═════ Data for analysis ═════

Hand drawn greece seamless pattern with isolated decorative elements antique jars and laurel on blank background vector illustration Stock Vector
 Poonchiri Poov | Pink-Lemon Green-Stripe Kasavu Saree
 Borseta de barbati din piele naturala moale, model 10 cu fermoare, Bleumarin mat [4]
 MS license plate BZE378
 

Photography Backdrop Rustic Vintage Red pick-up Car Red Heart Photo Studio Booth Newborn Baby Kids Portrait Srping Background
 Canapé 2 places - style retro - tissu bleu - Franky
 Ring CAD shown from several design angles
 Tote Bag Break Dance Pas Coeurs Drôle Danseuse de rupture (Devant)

═════

### What is required
Restate, word for word, the final stretch of the entries above: the line containing "Ring CAD shown from several design angles" and every line after it, up to and including the last.

### Output below
 Ring CAD shown from several design angles
 Tote Bag Break Dance Pas Coeurs Drôle Danseuse de rupture (Devant)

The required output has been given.